三、新舊動能轉換為山東低碳發展奠定了堅實基礎
(一)新舊動能轉換形成的政策體系利于低碳經濟發展。動能轉換與“雙碳”發展戰略相通,同向而行,能夠形成發展合力。動能轉換推出的適應新要求的政策,形成了目標合理、重點明確、相互支撐的政策支持體系。期間出臺的《山東省加強污染源頭防治推進“四減四增”三年行動方案》《關于加快七大高耗能行業高質量發展的實施方案》《山東省低碳發展工作方案》等一系列文件和舉措,為山東低碳發展奠定了堅實基礎。為堅決遏制“兩高”項目盲目發展要求,出臺了《山東省高耗能高排放建設項目碳排放減量替代辦法》,新建“兩高”項目必須嚴格落實“五個減量替代”決策部署,新增碳排放量需由其他途徑落實替代源,替代源的碳排放量按行業確定1.2或1.5的替代比例。作為山東省區域性的政策,新上“兩高”項目的替代源,必須是山東省行政區域內形成的碳排放削減量。對于那些積極技改、不斷提升生產效率的企業來說,這一辦法的出臺不僅不會擠占企業的生存空間,還會進一步提升企業優勢,增強其競爭力。
(二)新動能不斷壯大推動了產業結構升級。通過科技創新、招商引資等方式,引進培育新技術、新產品、新業態、新模式,做大“四新”經濟這個增量。2021年,“四新”經濟占山東GDP的比重達到了31.7%,比2017年大幅提高10個百分點。高新技術產業產值占規模以上工業總產值的比重達到46.8%,四年提高11.2%。新動能自帶的低碳屬性,降低了碳排放,“十三五”期間,萬元GDP能耗累計下降20.4%,年均下降4.46%,超額完成17%的下降目標。

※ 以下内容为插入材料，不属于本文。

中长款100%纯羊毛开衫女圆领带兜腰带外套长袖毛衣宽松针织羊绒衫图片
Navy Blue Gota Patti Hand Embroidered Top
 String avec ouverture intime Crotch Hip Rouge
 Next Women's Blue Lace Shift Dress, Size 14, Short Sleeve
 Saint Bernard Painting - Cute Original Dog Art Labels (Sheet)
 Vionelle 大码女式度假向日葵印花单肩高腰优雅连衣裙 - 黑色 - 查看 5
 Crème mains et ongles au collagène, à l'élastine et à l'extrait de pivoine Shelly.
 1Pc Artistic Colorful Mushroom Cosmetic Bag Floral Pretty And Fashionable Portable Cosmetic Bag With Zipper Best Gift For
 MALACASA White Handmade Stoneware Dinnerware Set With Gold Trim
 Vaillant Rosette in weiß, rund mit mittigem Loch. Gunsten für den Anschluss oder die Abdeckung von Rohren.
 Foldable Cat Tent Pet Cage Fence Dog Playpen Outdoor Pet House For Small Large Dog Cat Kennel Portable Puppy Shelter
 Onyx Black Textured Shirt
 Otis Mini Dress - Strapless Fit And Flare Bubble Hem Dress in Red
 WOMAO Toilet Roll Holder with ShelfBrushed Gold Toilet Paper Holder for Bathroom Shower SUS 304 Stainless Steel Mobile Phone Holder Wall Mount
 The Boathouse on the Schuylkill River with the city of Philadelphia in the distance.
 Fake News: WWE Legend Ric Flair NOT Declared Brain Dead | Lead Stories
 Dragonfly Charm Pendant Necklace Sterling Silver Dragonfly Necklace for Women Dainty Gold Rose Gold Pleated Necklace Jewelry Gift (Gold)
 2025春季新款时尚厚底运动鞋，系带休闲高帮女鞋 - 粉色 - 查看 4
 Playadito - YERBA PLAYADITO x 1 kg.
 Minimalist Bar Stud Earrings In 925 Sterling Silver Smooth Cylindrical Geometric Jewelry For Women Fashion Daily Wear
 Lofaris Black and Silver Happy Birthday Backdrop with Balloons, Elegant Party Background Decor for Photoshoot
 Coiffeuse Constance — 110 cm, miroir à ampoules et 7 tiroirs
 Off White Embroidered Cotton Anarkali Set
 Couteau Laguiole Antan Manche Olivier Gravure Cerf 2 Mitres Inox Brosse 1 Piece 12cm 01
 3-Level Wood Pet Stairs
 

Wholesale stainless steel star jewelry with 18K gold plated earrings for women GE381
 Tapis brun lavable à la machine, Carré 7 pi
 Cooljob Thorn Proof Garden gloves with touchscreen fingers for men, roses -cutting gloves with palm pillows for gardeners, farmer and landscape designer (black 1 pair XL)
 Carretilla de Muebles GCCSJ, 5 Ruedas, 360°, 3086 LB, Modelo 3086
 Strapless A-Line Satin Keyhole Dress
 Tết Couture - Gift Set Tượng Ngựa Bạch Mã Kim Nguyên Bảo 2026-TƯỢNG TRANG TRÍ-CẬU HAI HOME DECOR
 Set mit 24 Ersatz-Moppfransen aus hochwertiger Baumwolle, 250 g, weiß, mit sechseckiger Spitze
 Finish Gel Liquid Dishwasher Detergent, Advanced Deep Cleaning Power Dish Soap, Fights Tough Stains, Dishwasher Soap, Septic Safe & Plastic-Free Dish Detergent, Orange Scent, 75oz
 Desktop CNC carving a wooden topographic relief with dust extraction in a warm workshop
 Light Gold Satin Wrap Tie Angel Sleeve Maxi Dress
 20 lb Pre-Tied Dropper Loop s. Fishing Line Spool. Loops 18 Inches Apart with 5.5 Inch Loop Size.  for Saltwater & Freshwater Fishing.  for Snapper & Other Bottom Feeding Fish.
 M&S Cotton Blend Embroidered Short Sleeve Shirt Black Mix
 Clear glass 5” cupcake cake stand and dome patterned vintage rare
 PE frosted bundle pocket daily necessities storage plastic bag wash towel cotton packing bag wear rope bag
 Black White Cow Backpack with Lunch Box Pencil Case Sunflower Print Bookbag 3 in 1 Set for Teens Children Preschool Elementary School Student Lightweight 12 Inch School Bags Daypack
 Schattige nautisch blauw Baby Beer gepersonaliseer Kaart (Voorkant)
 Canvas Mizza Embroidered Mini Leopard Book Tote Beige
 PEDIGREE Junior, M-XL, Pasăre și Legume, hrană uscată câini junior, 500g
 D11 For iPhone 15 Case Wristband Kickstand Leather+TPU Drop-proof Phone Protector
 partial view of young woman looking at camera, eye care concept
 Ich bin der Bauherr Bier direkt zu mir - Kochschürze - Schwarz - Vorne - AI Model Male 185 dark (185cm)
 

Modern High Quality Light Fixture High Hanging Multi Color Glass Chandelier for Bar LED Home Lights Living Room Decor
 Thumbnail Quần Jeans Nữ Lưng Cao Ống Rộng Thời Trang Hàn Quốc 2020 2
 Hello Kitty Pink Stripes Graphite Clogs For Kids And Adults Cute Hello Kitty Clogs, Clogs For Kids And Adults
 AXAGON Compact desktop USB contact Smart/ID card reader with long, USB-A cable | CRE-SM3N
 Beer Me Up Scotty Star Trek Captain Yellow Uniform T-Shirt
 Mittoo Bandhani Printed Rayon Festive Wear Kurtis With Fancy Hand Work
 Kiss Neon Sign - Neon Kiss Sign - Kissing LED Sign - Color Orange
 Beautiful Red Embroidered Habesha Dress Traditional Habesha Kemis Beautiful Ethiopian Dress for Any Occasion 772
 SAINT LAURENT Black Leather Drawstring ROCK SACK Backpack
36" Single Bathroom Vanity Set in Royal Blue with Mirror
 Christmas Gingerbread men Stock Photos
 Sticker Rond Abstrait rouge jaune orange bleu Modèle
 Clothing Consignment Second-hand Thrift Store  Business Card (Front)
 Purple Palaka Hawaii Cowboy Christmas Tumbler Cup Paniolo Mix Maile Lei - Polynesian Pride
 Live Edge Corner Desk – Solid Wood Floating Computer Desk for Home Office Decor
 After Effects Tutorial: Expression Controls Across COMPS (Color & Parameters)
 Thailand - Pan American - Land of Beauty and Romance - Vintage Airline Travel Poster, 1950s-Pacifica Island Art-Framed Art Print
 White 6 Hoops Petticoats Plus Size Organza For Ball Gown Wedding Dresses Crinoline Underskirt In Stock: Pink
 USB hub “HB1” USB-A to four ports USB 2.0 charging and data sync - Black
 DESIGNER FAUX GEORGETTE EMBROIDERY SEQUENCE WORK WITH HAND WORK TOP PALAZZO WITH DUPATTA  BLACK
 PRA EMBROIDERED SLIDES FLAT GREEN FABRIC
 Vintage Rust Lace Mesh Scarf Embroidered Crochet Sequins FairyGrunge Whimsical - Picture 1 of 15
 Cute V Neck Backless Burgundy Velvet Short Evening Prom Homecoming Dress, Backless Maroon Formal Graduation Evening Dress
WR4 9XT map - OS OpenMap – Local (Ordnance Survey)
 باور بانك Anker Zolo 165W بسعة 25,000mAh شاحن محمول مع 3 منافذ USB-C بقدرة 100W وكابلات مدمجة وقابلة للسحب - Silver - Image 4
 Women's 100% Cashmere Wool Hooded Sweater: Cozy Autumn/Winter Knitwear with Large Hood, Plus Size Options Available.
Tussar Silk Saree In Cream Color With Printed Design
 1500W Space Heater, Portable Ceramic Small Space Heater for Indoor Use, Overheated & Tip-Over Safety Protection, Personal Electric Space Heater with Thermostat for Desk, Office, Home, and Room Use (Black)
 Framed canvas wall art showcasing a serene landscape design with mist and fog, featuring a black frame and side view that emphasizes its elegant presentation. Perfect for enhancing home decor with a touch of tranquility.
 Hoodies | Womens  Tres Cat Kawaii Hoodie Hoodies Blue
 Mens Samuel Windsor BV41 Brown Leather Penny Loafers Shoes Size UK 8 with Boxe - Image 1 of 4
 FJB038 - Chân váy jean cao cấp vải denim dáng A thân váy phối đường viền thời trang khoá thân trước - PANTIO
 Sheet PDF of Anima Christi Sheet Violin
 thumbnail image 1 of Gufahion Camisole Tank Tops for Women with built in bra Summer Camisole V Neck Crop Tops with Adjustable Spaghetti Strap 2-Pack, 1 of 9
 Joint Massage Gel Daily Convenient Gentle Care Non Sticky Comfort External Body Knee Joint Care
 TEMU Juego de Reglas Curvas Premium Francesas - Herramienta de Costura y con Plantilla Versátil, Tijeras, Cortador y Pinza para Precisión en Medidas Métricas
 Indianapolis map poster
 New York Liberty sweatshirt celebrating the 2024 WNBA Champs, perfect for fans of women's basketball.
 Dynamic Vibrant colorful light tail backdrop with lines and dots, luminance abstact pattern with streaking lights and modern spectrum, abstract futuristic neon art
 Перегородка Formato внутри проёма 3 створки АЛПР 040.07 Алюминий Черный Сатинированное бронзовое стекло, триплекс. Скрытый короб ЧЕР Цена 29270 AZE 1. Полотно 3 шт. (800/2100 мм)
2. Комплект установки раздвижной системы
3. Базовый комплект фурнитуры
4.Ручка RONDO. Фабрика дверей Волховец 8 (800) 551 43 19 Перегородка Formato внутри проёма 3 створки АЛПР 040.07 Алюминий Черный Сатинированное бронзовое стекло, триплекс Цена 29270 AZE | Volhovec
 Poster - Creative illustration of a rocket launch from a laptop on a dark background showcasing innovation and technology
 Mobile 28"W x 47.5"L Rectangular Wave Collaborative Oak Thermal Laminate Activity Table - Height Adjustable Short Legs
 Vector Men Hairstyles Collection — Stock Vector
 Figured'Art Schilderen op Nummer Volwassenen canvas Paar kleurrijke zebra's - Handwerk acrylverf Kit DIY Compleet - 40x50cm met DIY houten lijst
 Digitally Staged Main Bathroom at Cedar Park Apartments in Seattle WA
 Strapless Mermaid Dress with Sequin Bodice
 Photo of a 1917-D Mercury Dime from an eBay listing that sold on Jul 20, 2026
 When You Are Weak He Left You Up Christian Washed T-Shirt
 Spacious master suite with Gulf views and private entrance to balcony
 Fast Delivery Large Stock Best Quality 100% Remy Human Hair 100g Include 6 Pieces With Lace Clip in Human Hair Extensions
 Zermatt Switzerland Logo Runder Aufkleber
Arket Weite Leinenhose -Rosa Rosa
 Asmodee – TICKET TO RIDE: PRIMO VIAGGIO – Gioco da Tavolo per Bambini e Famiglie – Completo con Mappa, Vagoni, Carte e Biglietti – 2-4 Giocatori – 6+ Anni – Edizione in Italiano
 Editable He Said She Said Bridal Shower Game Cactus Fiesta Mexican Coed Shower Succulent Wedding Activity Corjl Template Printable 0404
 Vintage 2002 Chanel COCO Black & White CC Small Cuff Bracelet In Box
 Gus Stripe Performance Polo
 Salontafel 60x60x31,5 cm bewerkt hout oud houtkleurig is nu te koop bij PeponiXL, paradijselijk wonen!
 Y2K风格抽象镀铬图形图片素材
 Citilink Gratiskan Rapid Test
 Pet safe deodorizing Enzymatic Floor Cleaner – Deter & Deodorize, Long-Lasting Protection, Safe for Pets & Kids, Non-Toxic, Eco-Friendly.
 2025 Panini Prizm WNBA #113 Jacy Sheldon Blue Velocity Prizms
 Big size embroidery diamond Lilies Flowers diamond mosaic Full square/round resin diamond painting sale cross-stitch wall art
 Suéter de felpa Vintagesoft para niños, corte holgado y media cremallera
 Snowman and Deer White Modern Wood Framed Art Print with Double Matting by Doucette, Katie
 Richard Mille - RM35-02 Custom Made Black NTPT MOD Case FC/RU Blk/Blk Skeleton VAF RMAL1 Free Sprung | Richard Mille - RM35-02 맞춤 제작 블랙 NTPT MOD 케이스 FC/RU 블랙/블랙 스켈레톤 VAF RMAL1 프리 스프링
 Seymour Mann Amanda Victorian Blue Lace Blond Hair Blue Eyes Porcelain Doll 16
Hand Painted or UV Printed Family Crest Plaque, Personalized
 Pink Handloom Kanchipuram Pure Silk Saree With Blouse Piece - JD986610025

(三)減污降碳協同效應取得良好的效果。污染物排放與溫室氣體排放有很高的同源性,治理污染排放很大程度上就是治理碳排放。山東用生態環境保護標準引導倒逼新舊動能轉換,嚴禁鋼鐵、焦化、水泥、電解鋁等高污染、高耗能行業新增產能,對確有必要新建的必須實施等量或減量置換,并大力推進冶金、有色、化工、造紙等行業清潔生產改造或清潔化改造。“十三五”期間,山東規模以上工業企業累計實施投資500萬元以上技改項目7萬余個,完成技改投資3萬億元以上。壓減粗鋼產能2110萬噸、生鐵970萬噸、焦化2800萬噸,電解鋁違規產能321萬噸,關閉退出不達標化工企業2000多家,在治理污染的同時,大幅降低了碳排放量。“十四五”的前兩年,轉移退出煉鋼產能2141萬噸,煉鐵產能2238萬噸;壓減焦化產能295萬噸;地煉企業1520萬噸;關停退出350萬低效煤電機組;煤炭行業壓減3400萬噸。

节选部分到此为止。